=== Records provided ===

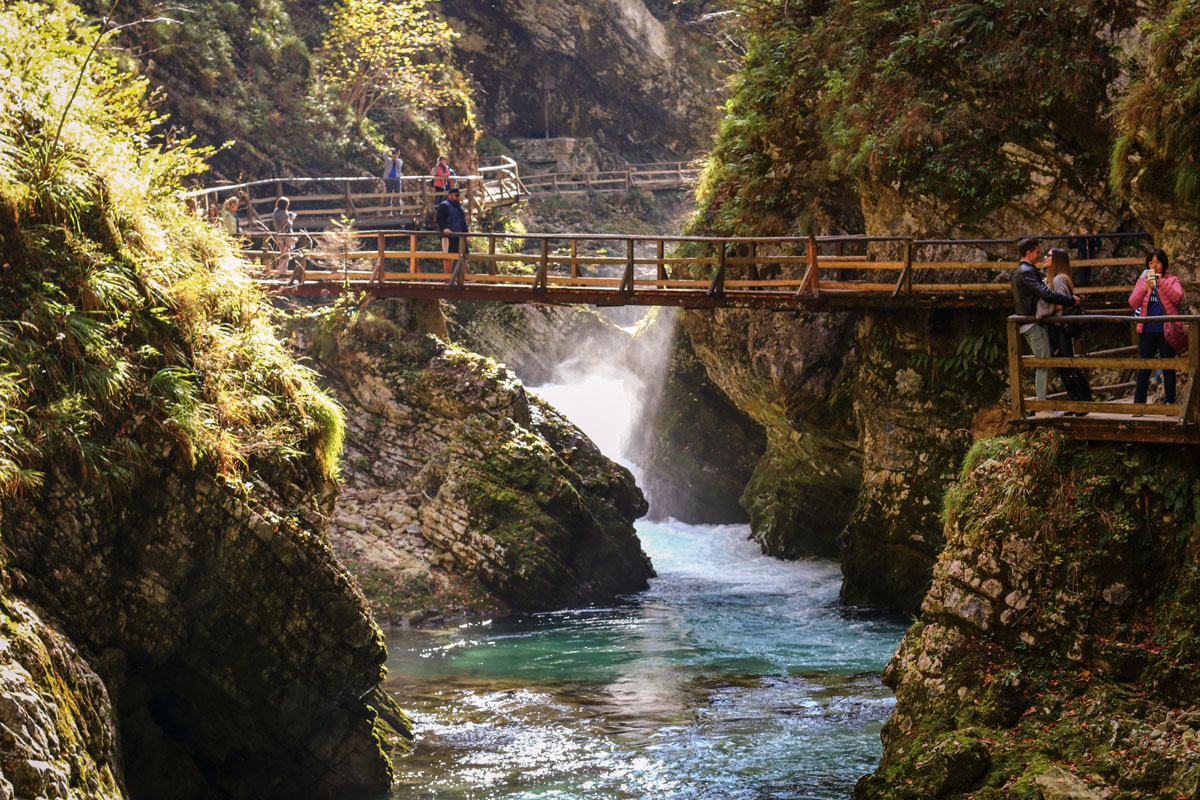 People stand on the wooden bridges inside Vintgar Gorge.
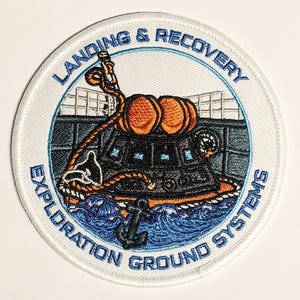 May include: Embroidered patch with a circular design. The patch features the text "LANDING & RECOVERY EXPLORATION GROUND SYSTEMS" in blue. The central image depicts a spacecraft with orange spheres, a rope, and an anchor, set against a blue and white background.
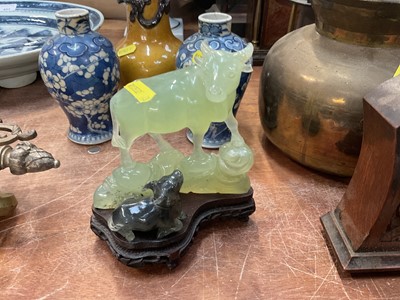 Lot 457 - Chinese jadeite/hardstone carving of a buffalo and calf on a carved hardwood stand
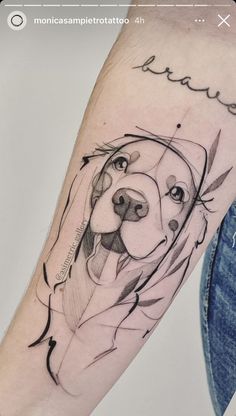 a dog's face on the arm is shown in black and grey ink, with an inscription above it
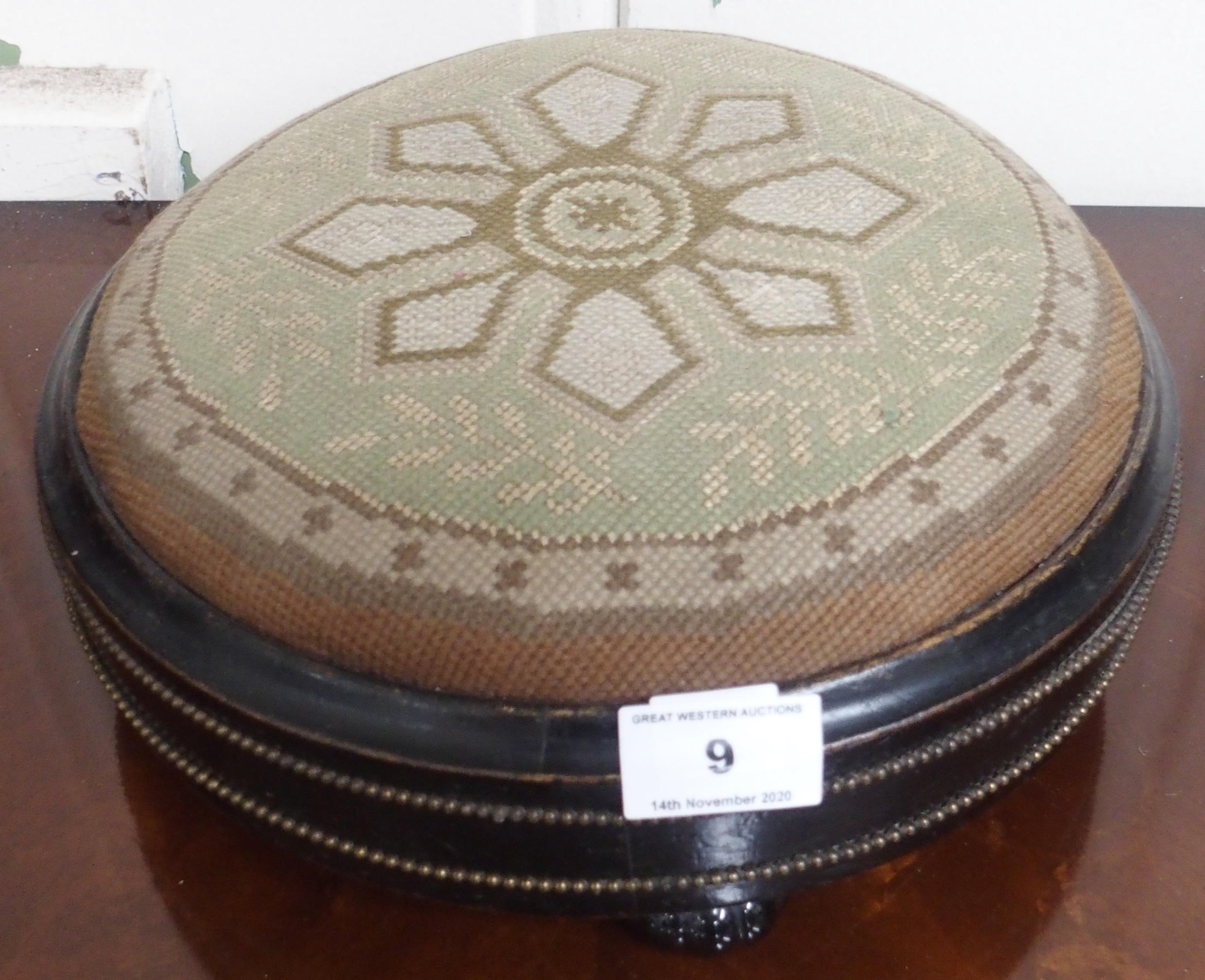 A Victorian ebonised circular footstool Condition Report: Available upon request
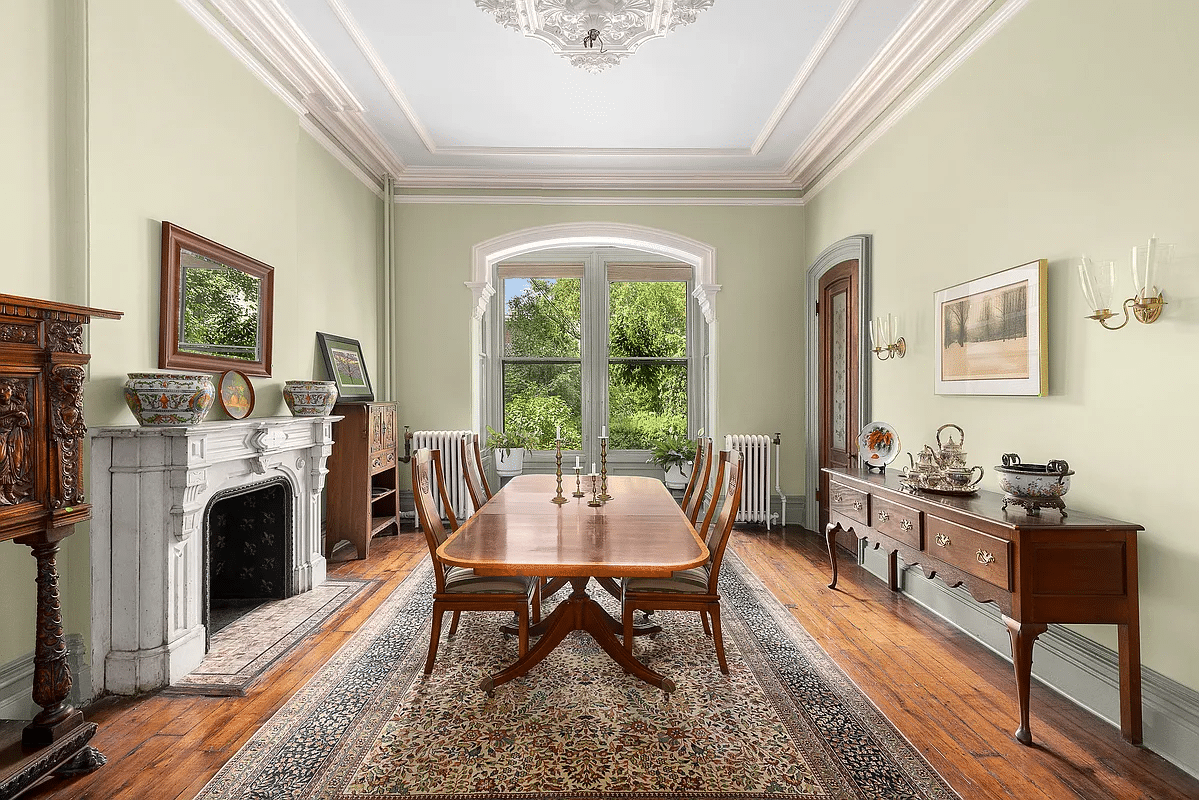 dining room with marble mantel, wood floor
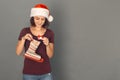 Christmas Time. Young woman in santa hat isolated on grey putting present into skate boot smiling joyful Royalty Free Stock Photo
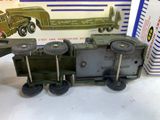 a toy train with a truck on the front and a box on the back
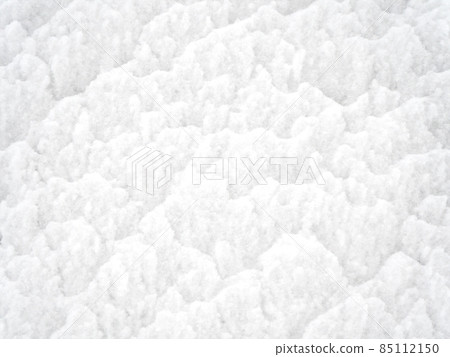 The white texture of the snow is rough and loose. Full screen photo The white texture of the snow is rough and loose. Full screen photo 85112150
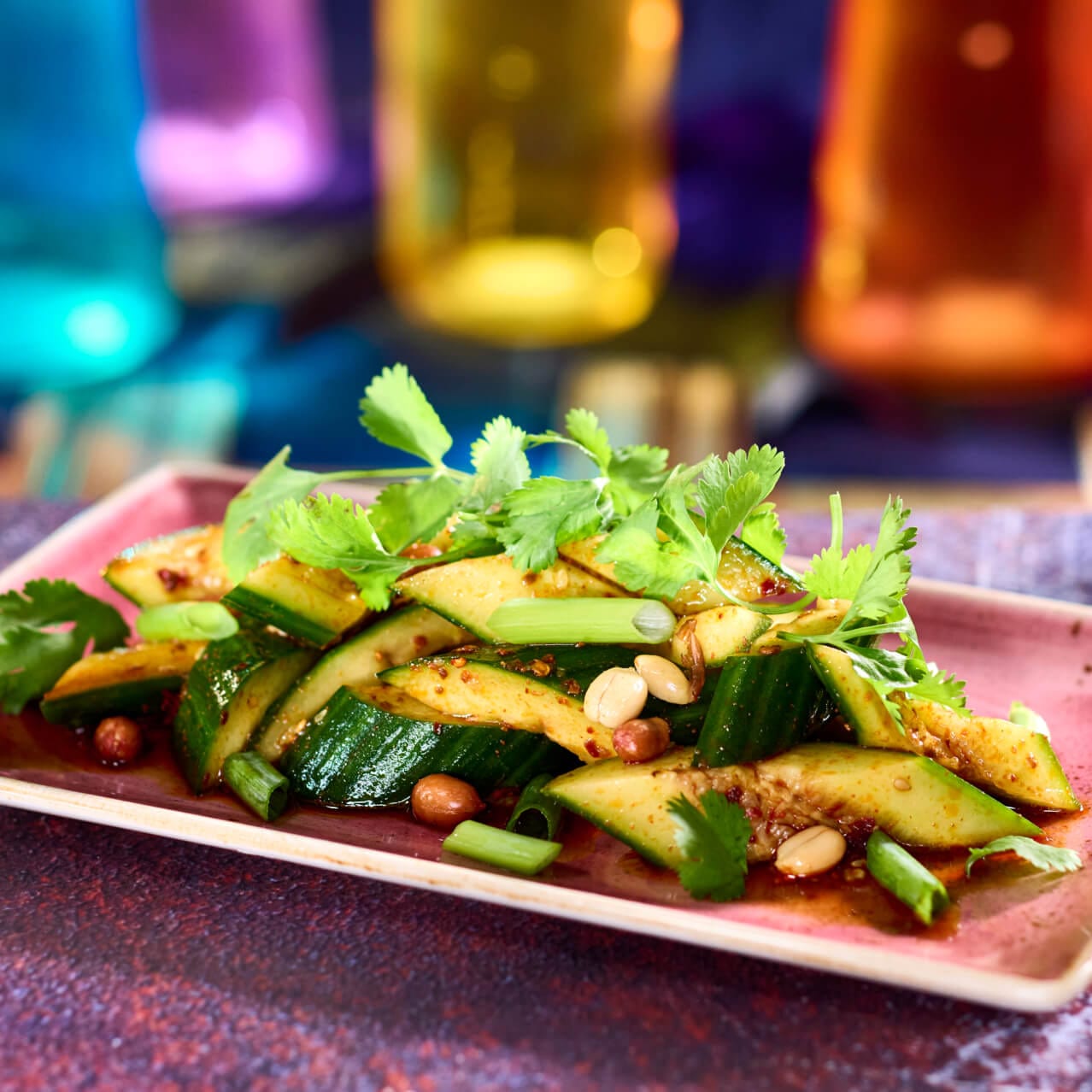 Smashed Cucumbers, a spicy cucumber salad is served at The Blue Dragon Pan-Asian Restaurant in Celestial Park.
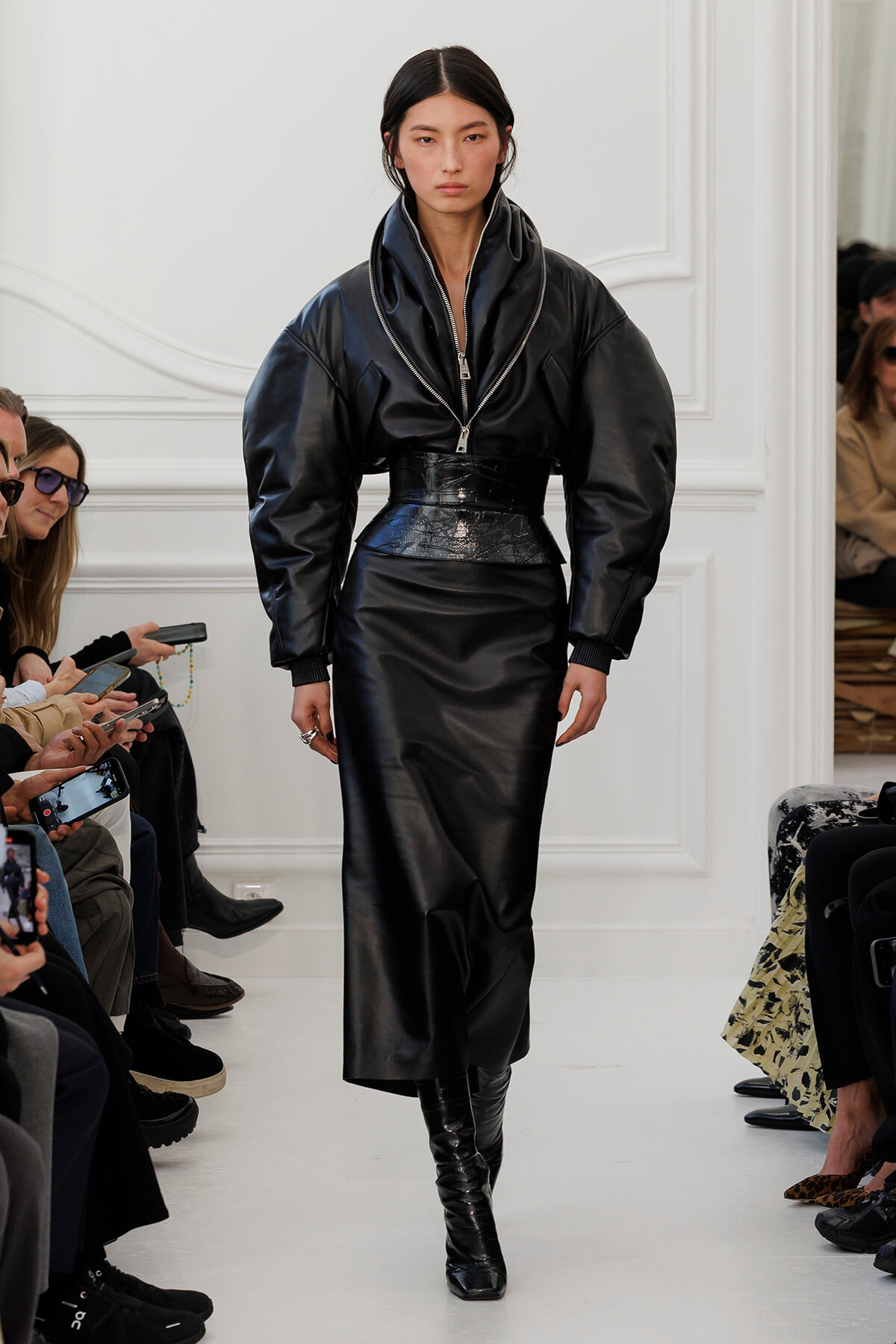 Model walks a runway in an all-black leather ensemble: oversized zip-front jacket cinched at the waist with a glossy belt, paired with a long skirt and knee-high boots, audience along the sides.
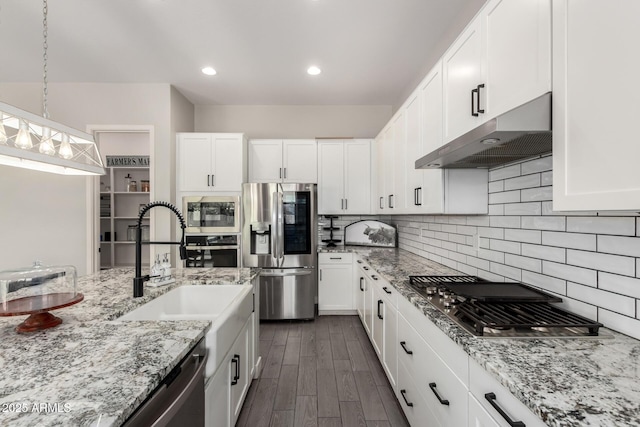 3938 E Appaloosa Rd, Gilbert, AZ 85296 - kitchen featuring appliances with stainless steel finishes, under cabinet range hood, white cabinetry, light stone countertops, and recessed lighting
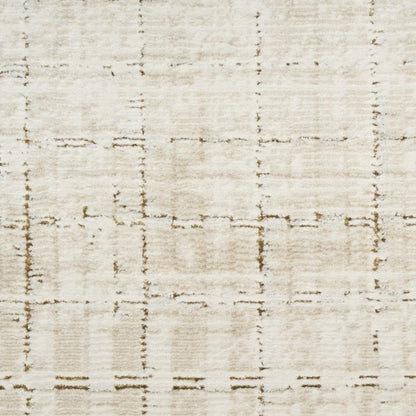 A close-up of a textured fabric or rug surface in warm off-white and beige with a faint distressed grid pattern.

===

Aim of the task: Copy out every entry above verbatim. Leave each picture out.

Answer box:
 People stand on the wooden bridges inside Vintgar Gorge.
 May include: Embroidered patch with a circular design. The patch features the text "LANDING & RECOVERY EXPLORATION GROUND SYSTEMS" in blue. The central image depicts a spacecraft with orange spheres, a rope, and an anchor, set against a blue and white background.
 Lot 457 - Chinese jadeite/hardstone carving of a buffalo and calf on a carved hardwood stand
 a dog's face on the arm is shown in black and grey ink, with an inscription above it
 A Victorian ebonised circular footstool Condition Report: Available upon request
 dining room with marble mantel, wood floor
 Christmas Time. Young woman in santa hat isolated on grey putting present into skate boot smiling joyful Royalty Free Stock Photo
 a toy train with a truck on the front and a box on the back
 The white texture of the snow is rough and loose. Full screen photo The white texture of the snow is rough and loose. Full screen photo 85112150
 Smashed Cucumbers, a spicy cucumber salad is served at The Blue Dragon Pan-Asian Restaurant in Celestial Park.
 Model walks a runway in an all-black leather ensemble: oversized zip-front jacket cinched at the waist with a glossy belt, paired with a long skirt and knee-high boots, audience along the sides.
 3938 E Appaloosa Rd, Gilbert, AZ 85296 - kitchen featuring appliances with stainless steel finishes, under cabinet range hood, white cabinetry, light stone countertops, and recessed lighting
 A close-up of a textured fabric or rug surface in warm off-white and beige with a faint distressed grid pattern.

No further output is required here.